Ok, that seems like a silly question but it really isn’t. Take my 1966 baseball replay, for example. Most likely, I’ll be playing the APBA baseball basic game. The options don’t stop there, though. Do I use the advanced rules? What about modifications? The Coxx Pitching Grade system? Error chart and unusual play card?
Make those decisions before you start and not midstream.
What is the scope of your replay?
There are many ways to do a season replay when it comes to what games you will exactly replay. Will you do a full 162-game replay of both the American and National Leagues or just one of them? Maybe you’ll just replay your favorite team’s schedule. Or to save time, you could cut the schedule down to a more manageable number of games. It’s all been done by replayers out there.
I’ll do the math for you:
- One team in a 162 game schedule= 162 games
- 30 teams in a 162 game schedule = 2430 games
- 15 (one league) in a 162 game schedule = 1215 games
- 16 teams in a 154 game schedule = 1232 games
- 8 teams (one league) in a 154 game schedule = 616 games
Anyway, you look at it, a league replay is a time commitment. To be honest, I still haven’t made my decision on what I will do when it comes to my 1966 replay (though I’m leaning toward the NL).

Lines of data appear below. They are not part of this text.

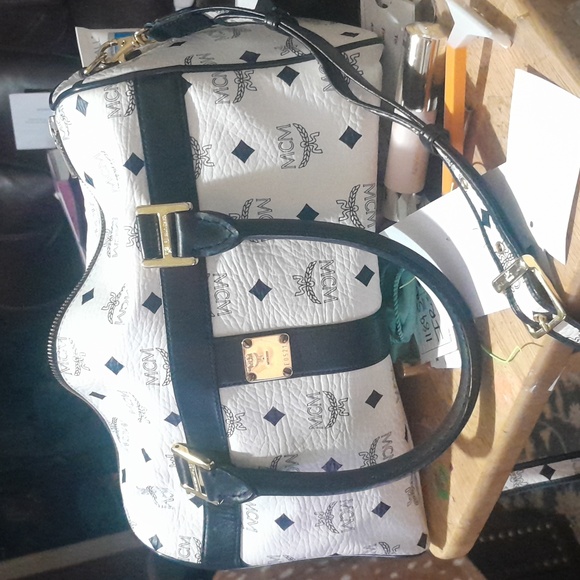 MCM Black/White Vintage Logo Satchel - Picture 4 of 9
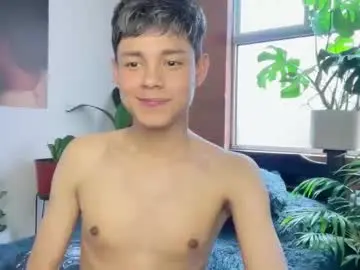 Chaturbate Best live sex cam show of andy_belier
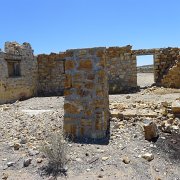 Old onyx schoolhouse is the only thing left of El Marmol. Zřícenina onyxové školy je jediné co zbývá z městečka El Marmol : Baja2011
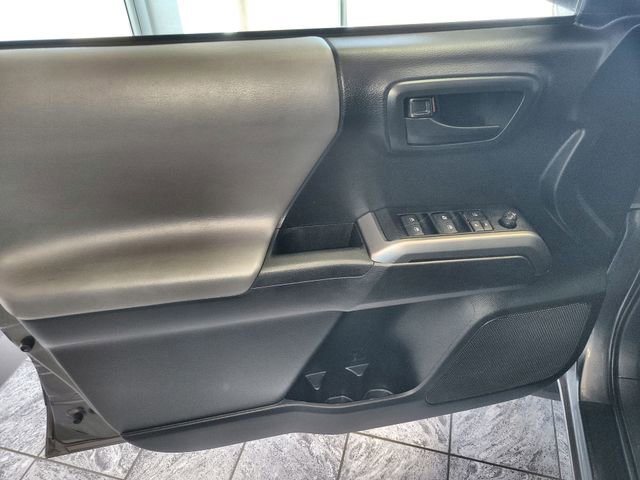 Used 2019 Toyota Tacoma SR5 RWD image 13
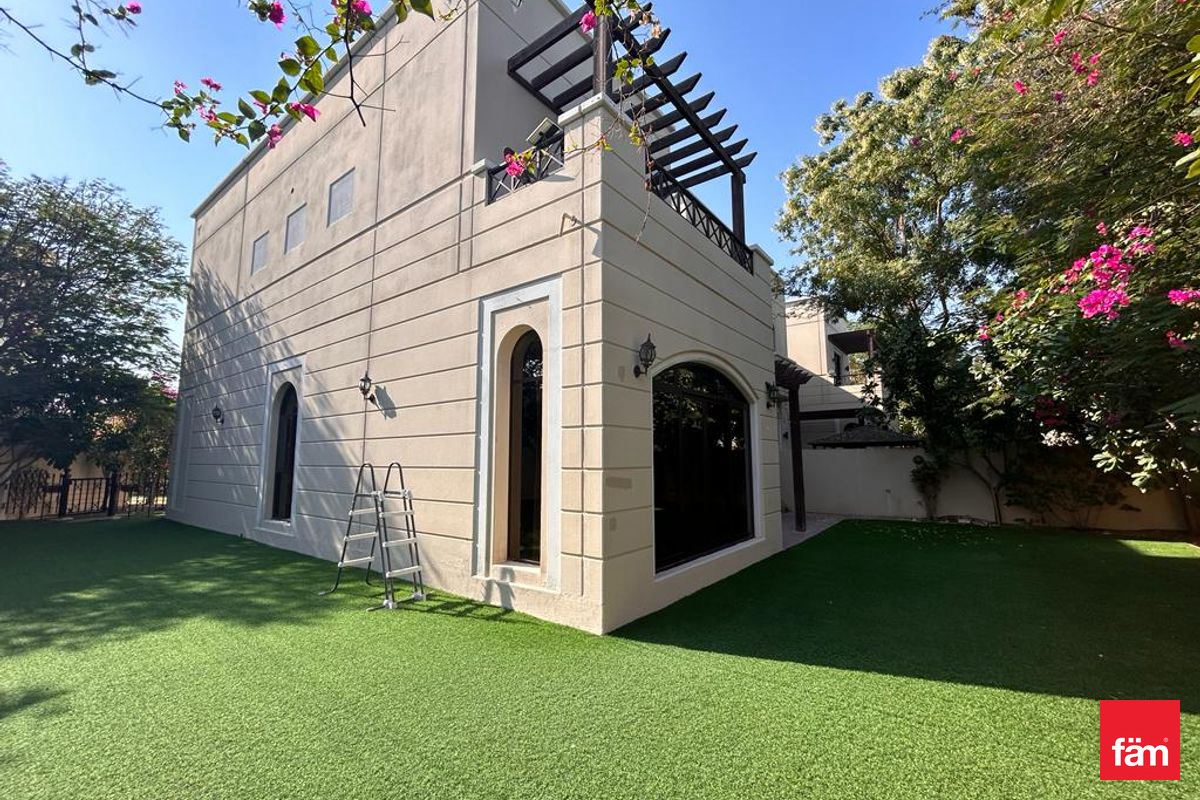 Corner Plot | Single Row | Furnished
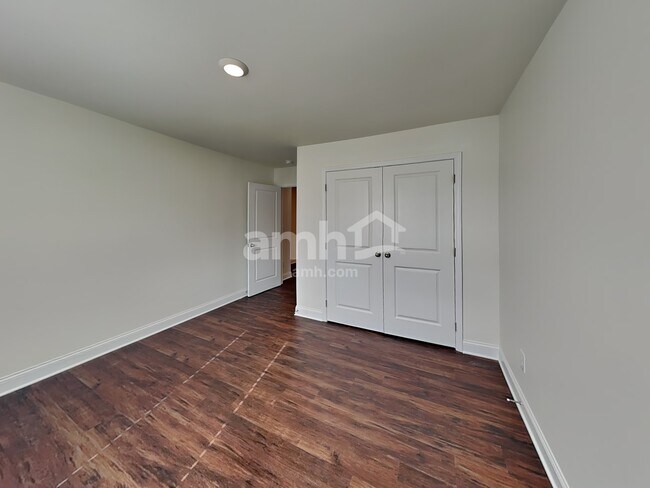 Building Photo - 838 Carnaby Ln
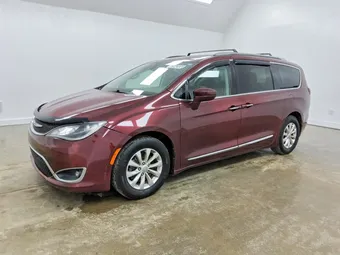 2018 Chrysler Pacifica 2C4RC1BG5JR277376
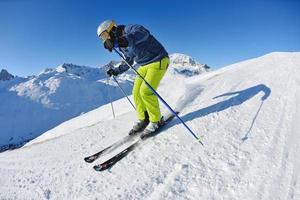 esquiar en nieve fresca en la temporada de invierno en un hermoso día soleado foto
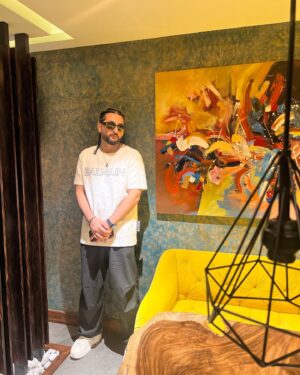 Bilal Saeed Instagram - Islamabad thank you for the love! 

Slide 4 times to see my favourite one☝🏼❤️✌🏻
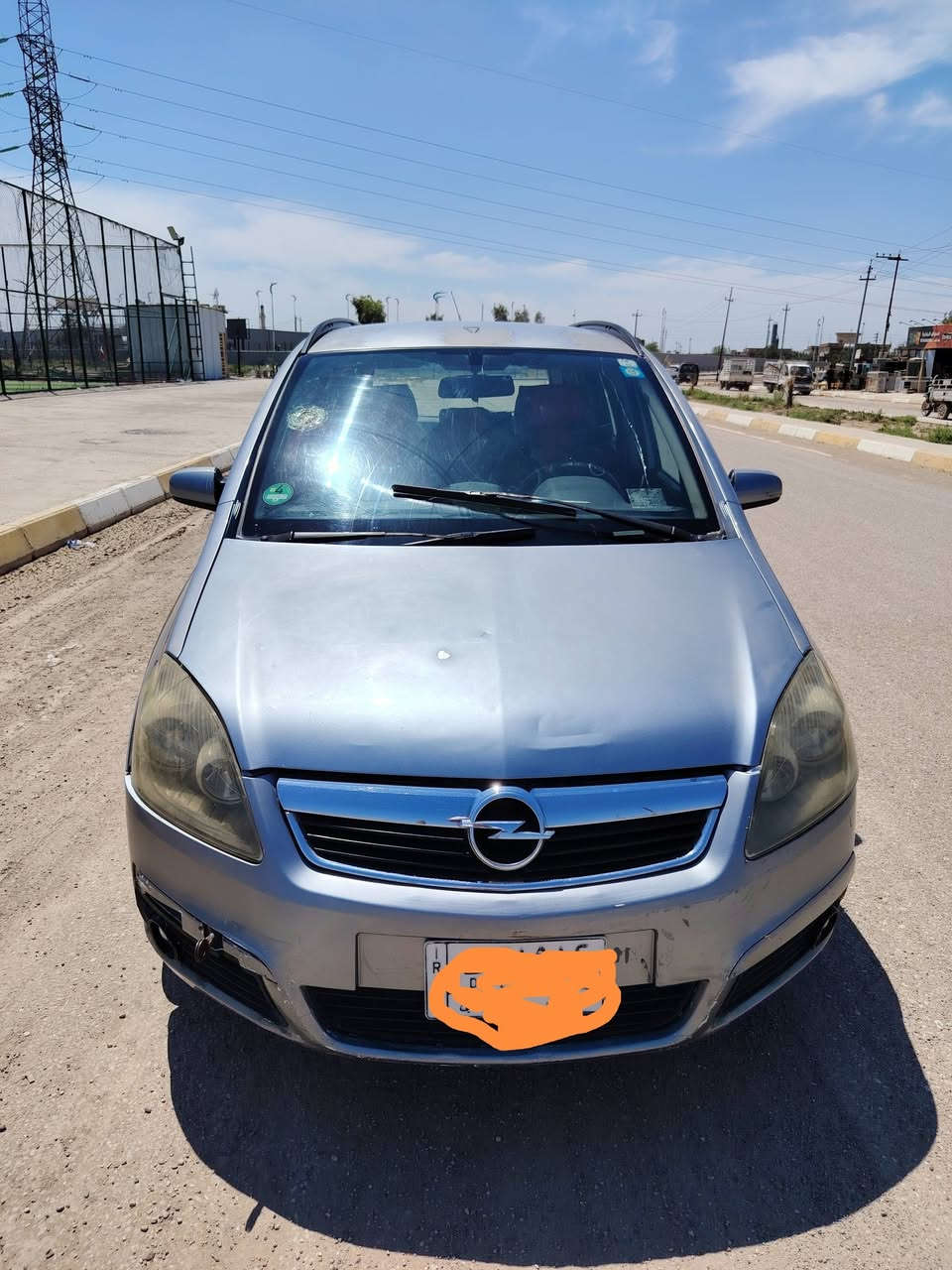 ​نوع السيارة: أوبل زافيرا (Opel Zafira).
الموديل: 2007.

​السعة: 7 راكب.

​المحرك والكير: محرك 1600، كير أوتوماتيك (بحالة ممتازة).

​ بدون أي صبغ نهائياً، والجسم سليم جداً بدون أي خياس و الكشر بلادي 

​ شاشة تدعم نظام CarPlay + كاميرا خلفية عالية الدقة.

​ تخم تاير جديد 

​الكهربائيات: داخلية السيارة نظيفة جداً، وجميع الكهربائيات شغالة 100%.

​تبريد السيارة عاطل 

​السعر المطلوب: 49 ورقة وبيها مجال بسيط 

​للتواصل والاستفسار:

واتساب أو اتصال: ***********

العنوان (ديالى -  بعقوبة)
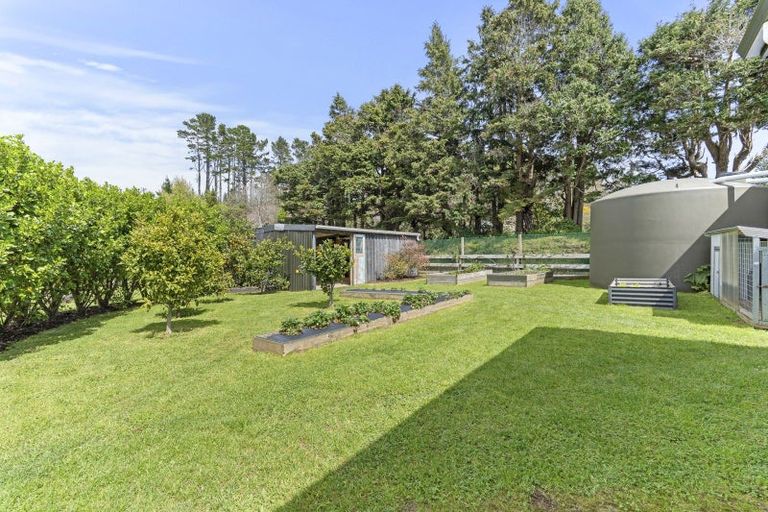 Photo of property in 489a Barrett Road, Omata, New Plymouth, 4374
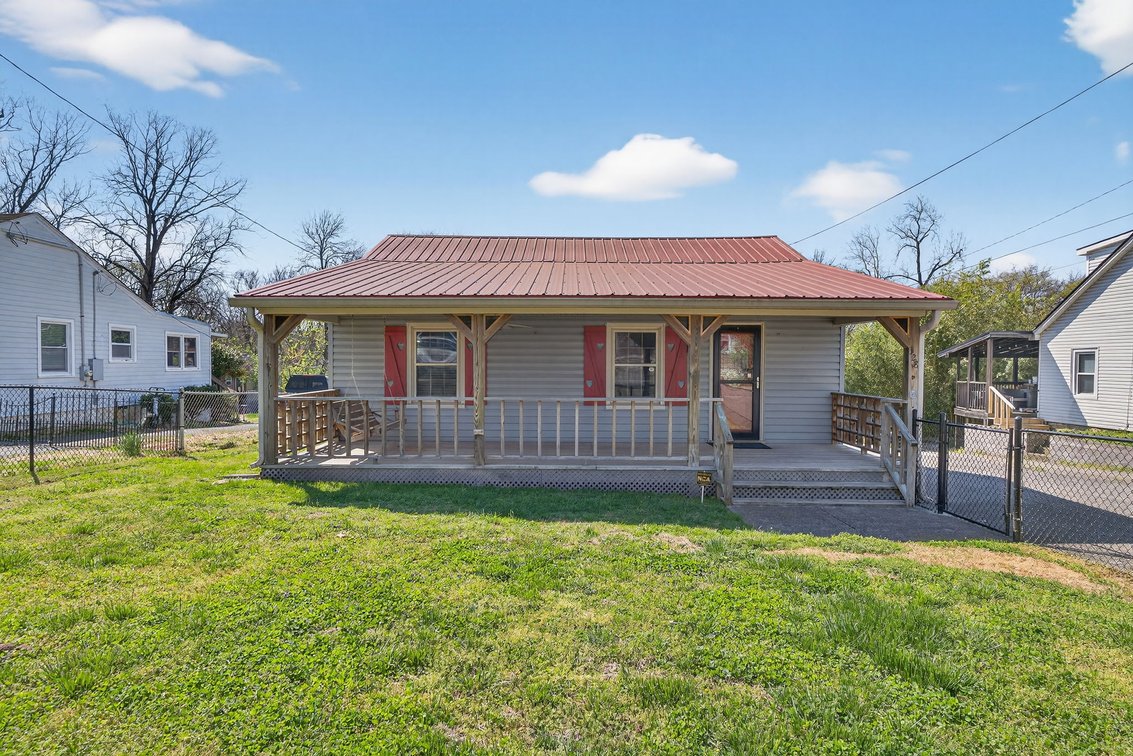 328 Emmitt Ave.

Issues of Stats and Player Usage
One of my favorite takeaways of doing an APBA replay are the stats. Okay, maybe doing them can get tedious. However, looking through the team’s stats and leaderboards shows me a job well done. Before you start a replay of any type, make sure you document what stat categories you want to keep throughout the season.
While we’re talking about stats, it’s a good idea to get a good stat keeping method in place. It doesn’t matter which one as long as it’s one that does the job and one you’re comfortable. For me, Excel is quite flexible and does a great job but I know others use different methods they are quite happy with.
One decision you’ll want to make before your opening day is: “will I limit player usage and if so how much?”. For example, do you want your 1953 Ted Williams to actually play full season or would it be more realistic for him to play his real life 91 at-bats? This goes back to my post yesterday about accuracy vs. realism. If you want a truly accurate replay, you may want limit players to their actual games or at-bats (or plate appearances or whatever). Same goes for pitchers. Even if realism if your goal, you still might want to implement some sort of limit system.
Some more thoughts on this:
- if your card set has the XBs and/or XCs, limiting players to actual usage will be easier. If not, perhaps actual usage + 10% might be more flexible.
- There are some innovative injury systems modifications for replays out there which throws all this out the window. And to be honest, some of them sound a lot of fun (heh, you want to talk about ‘realism’?).
- Finally, let’s make this clear. There’s no one that says you need to limit player usage in your replay. It’s just an idea.
What other prep work needs to be done before opening day?
Depending how anxious you are to get started, there’s always something to do. Such as:
Finding a schedule for whatever year you choose to replay. If you are replaying an older year, check out Retrosheet’s Original Regular Season Schedules page. They have the announce schedules (not just the games played) for the years 1877-2011. If you’re interested in playing the actual games played (and finding out actual lineups and starting rotations), Retrosheet is also good for that. Check out their Gamelogs page. Alternatively, Baseball Reference is always a good go-to site.
Might be nice to have a nice scoresheet for you replay. Here’s one I use for my baseball games (MS Word).
Finally, John H had such a good idea in the comments section today that I’m going to steal it and put it in this article:
“Pick a year that has a pennant race & read everything you can about the players, the race and the outcome. Then, go to the library and look through the old newspaper archives and copy the standings as they appeared on the morning of September 1 of the year you are replaying. Once you have the September first standings, its time to begin the replay. Be sure to use the lineups and rotations that were used that September and follow that formula through the completion of the season.”
…and if don’t want to go to the library, Baseball Reference should help with the Sept 1 standings.
Thanks, John H!
As I said, there were some good ideas from readers in the former post. Keep them coming.